Records provided
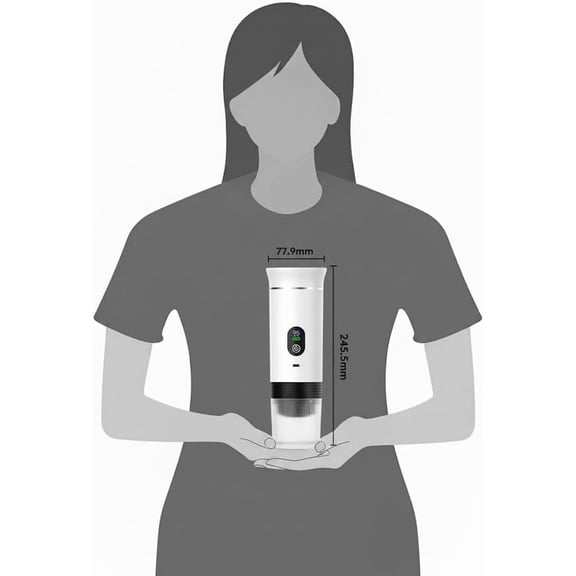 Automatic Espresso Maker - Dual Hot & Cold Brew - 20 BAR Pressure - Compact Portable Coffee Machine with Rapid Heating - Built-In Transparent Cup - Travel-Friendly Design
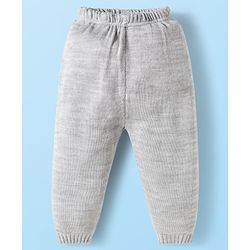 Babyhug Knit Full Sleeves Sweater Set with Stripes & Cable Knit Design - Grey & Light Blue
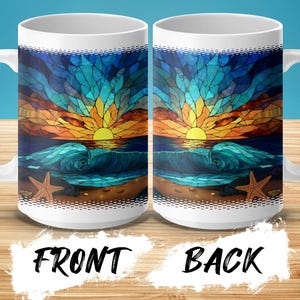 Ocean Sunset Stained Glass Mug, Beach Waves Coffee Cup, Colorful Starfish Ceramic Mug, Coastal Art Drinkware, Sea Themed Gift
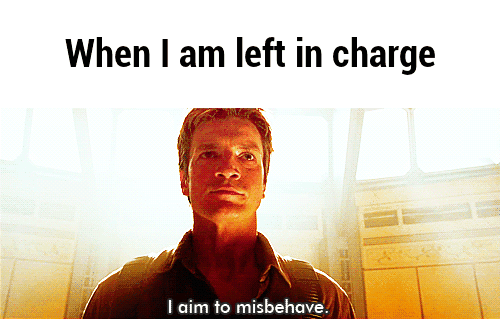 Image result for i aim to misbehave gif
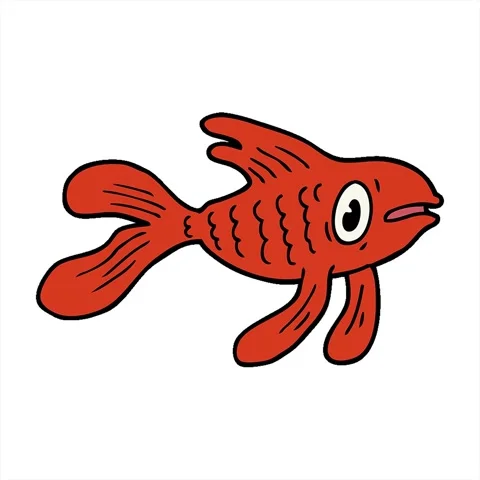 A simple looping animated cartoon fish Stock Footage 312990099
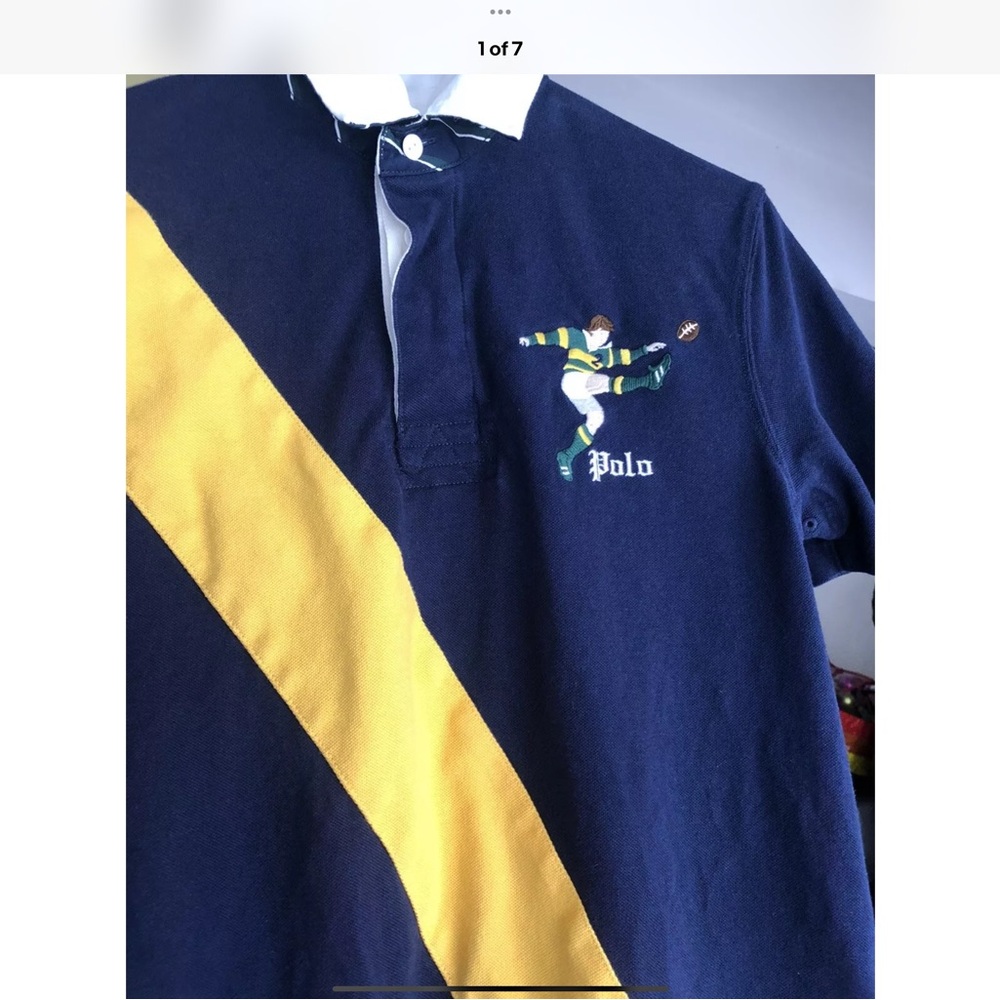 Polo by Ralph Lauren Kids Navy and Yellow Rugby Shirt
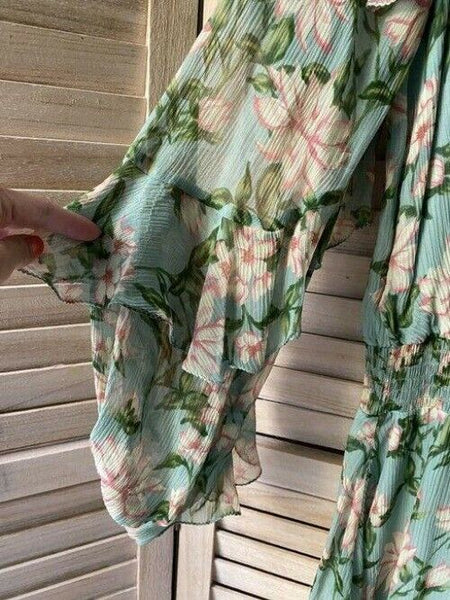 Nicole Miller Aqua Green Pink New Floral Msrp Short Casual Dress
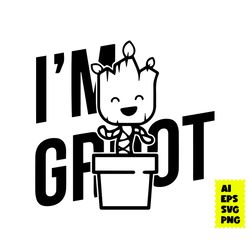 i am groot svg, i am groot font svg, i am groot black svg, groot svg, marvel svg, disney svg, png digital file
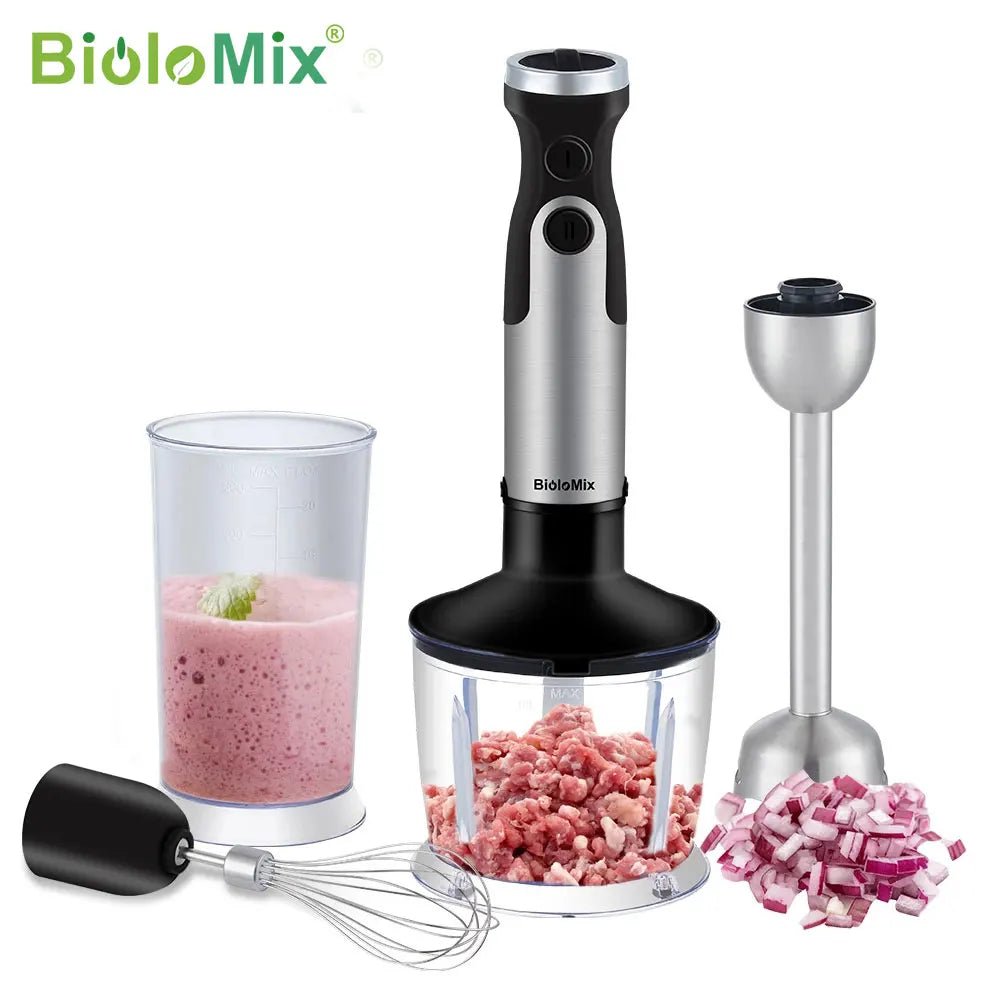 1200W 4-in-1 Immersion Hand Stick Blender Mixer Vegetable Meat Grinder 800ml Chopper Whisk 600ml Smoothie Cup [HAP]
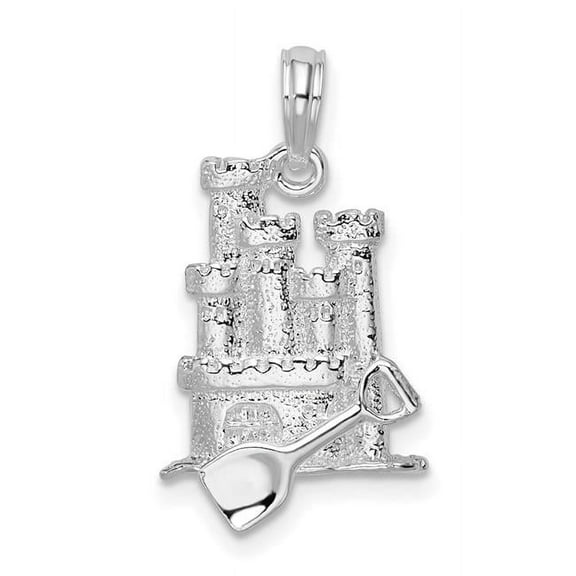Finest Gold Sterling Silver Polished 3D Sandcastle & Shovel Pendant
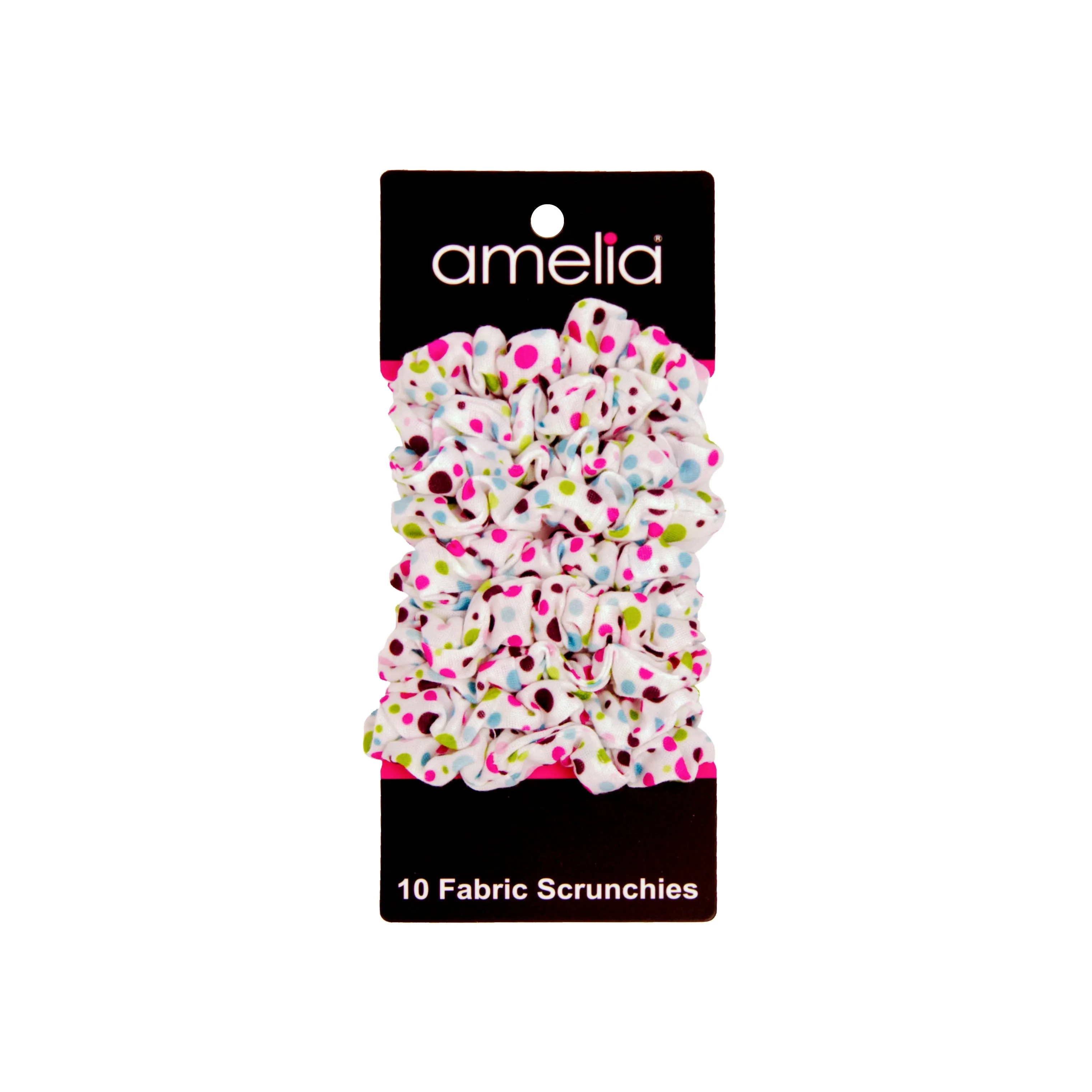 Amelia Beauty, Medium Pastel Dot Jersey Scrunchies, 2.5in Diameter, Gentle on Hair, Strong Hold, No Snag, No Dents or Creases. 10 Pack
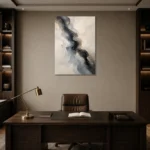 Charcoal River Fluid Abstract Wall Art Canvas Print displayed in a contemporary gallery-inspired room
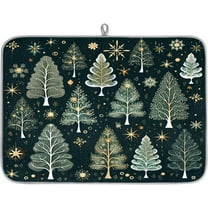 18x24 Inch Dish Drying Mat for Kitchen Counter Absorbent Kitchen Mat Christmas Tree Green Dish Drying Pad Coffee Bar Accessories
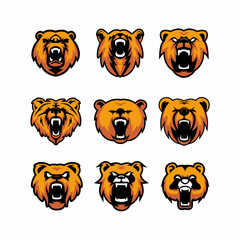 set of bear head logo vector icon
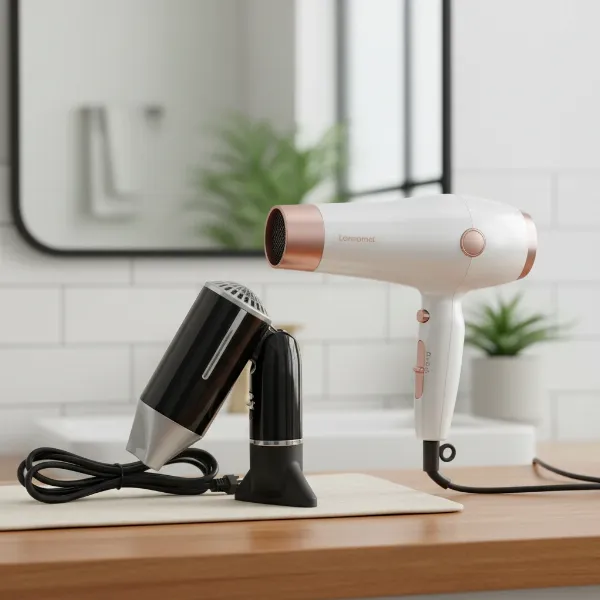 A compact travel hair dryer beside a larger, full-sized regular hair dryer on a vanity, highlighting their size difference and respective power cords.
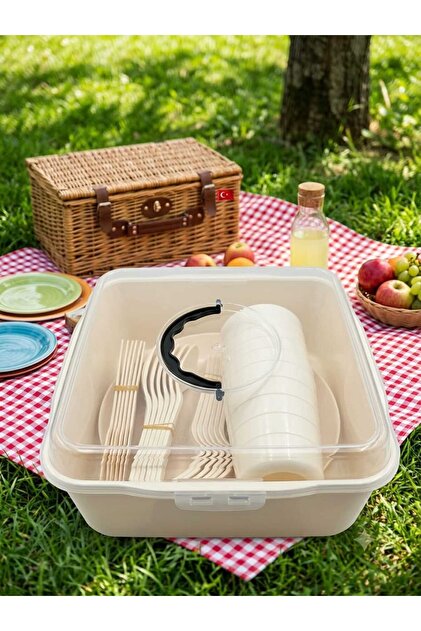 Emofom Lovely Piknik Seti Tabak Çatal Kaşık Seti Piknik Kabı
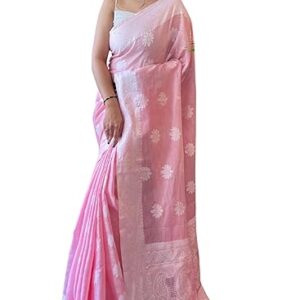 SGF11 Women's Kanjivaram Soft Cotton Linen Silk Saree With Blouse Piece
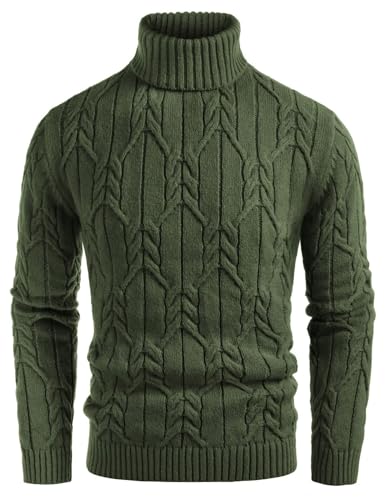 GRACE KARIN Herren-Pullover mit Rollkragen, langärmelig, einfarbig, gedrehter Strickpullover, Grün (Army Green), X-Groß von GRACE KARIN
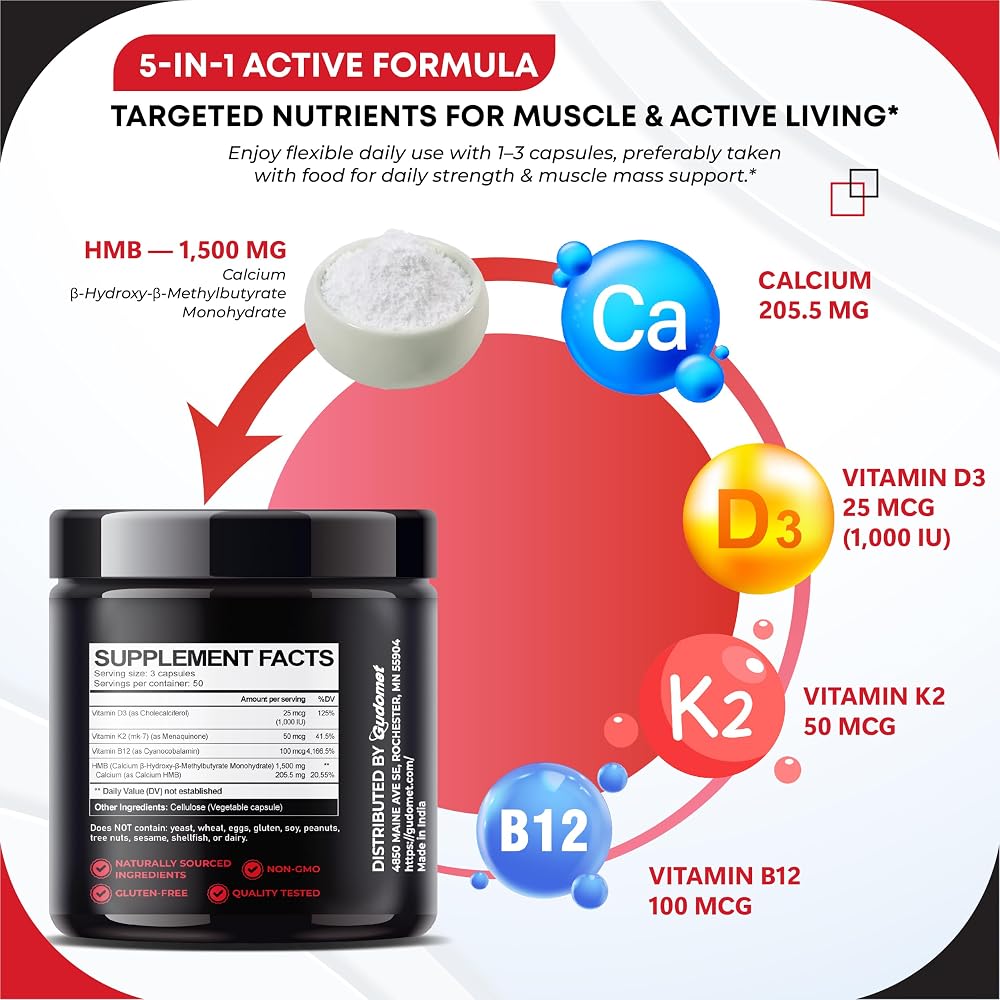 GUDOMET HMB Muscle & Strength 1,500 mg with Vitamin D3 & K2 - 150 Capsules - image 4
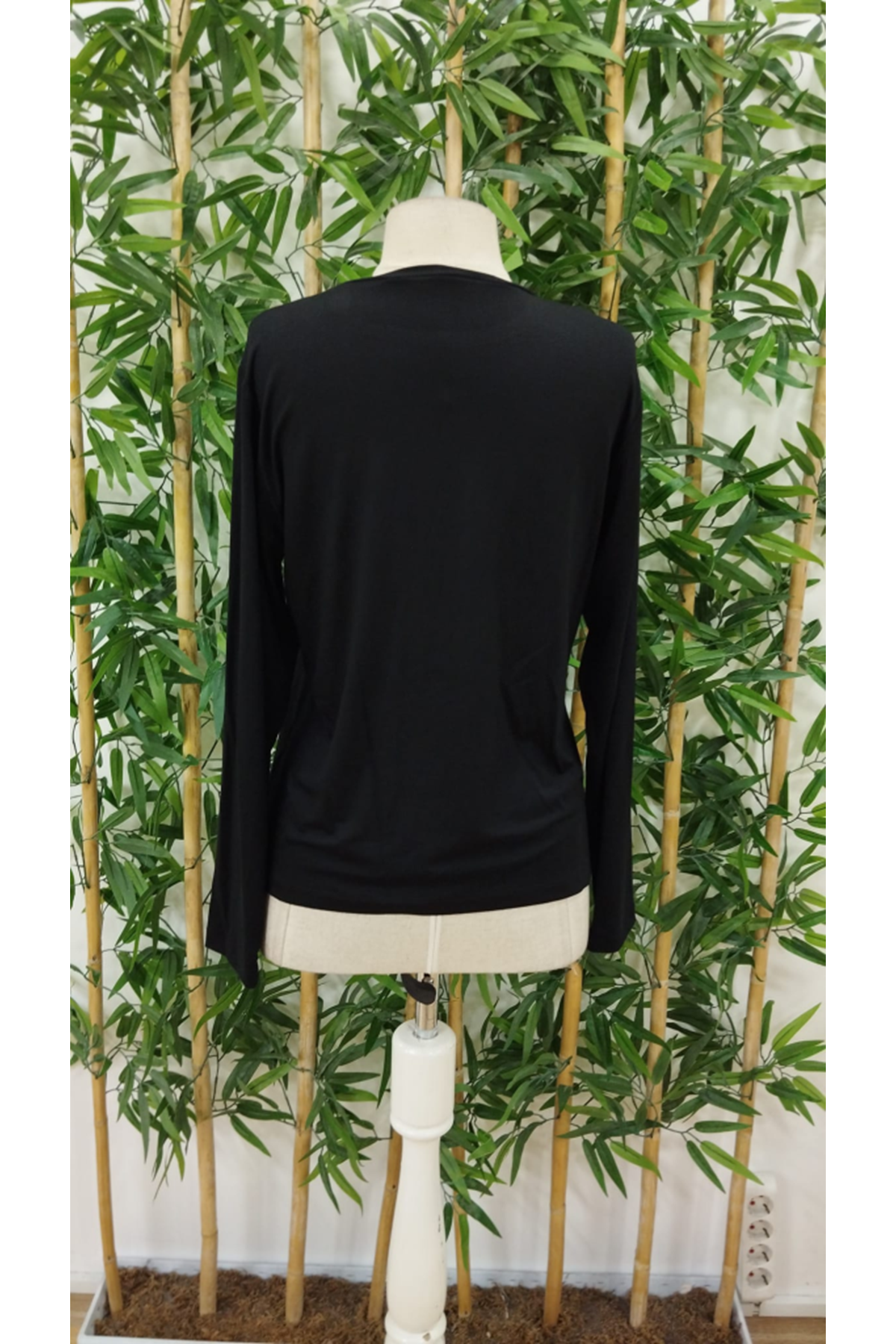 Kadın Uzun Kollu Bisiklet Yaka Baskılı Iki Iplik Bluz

Task description
Each line of the data above needs to be retyped as it is, without any picture.

Result for this exercise
 Automatic Espresso Maker - Dual Hot & Cold Brew - 20 BAR Pressure - Compact Portable Coffee Machine with Rapid Heating - Built-In Transparent Cup - Travel-Friendly Design
 Babyhug Knit Full Sleeves Sweater Set with Stripes & Cable Knit Design - Grey & Light Blue
 Ocean Sunset Stained Glass Mug, Beach Waves Coffee Cup, Colorful Starfish Ceramic Mug, Coastal Art Drinkware, Sea Themed Gift
 Image result for i aim to misbehave gif
 A simple looping animated cartoon fish Stock Footage 312990099
 Polo by Ralph Lauren Kids Navy and Yellow Rugby Shirt
 Nicole Miller Aqua Green Pink New Floral Msrp Short Casual Dress
 i am groot svg, i am groot font svg, i am groot black svg, groot svg, marvel svg, disney svg, png digital file
 1200W 4-in-1 Immersion Hand Stick Blender Mixer Vegetable Meat Grinder 800ml Chopper Whisk 600ml Smoothie Cup [HAP]
Finest Gold Sterling Silver Polished 3D Sandcastle & Shovel Pendant
 Amelia Beauty, Medium Pastel Dot Jersey Scrunchies, 2.5in Diameter, Gentle on Hair, Strong Hold, No Snag, No Dents or Creases. 10 Pack
 Charcoal River Fluid Abstract Wall Art Canvas Print displayed in a contemporary gallery-inspired room
 18x24 Inch Dish Drying Mat for Kitchen Counter Absorbent Kitchen Mat Christmas Tree Green Dish Drying Pad Coffee Bar Accessories
 set of bear head logo vector icon
 A compact travel hair dryer beside a larger, full-sized regular hair dryer on a vanity, highlighting their size difference and respective power cords.
 Emofom Lovely Piknik Seti Tabak Çatal Kaşık Seti Piknik Kabı
 SGF11 Women's Kanjivaram Soft Cotton Linen Silk Saree With Blouse Piece
 GRACE KARIN Herren-Pullover mit Rollkragen, langärmelig, einfarbig, gedrehter Strickpullover, Grün (Army Green), X-Groß von GRACE KARIN
 GUDOMET HMB Muscle & Strength 1,500 mg with Vitamin D3 & K2 - 150 Capsules - image 4
 Kadın Uzun Kollu Bisiklet Yaka Baskılı Iki Iplik Bluz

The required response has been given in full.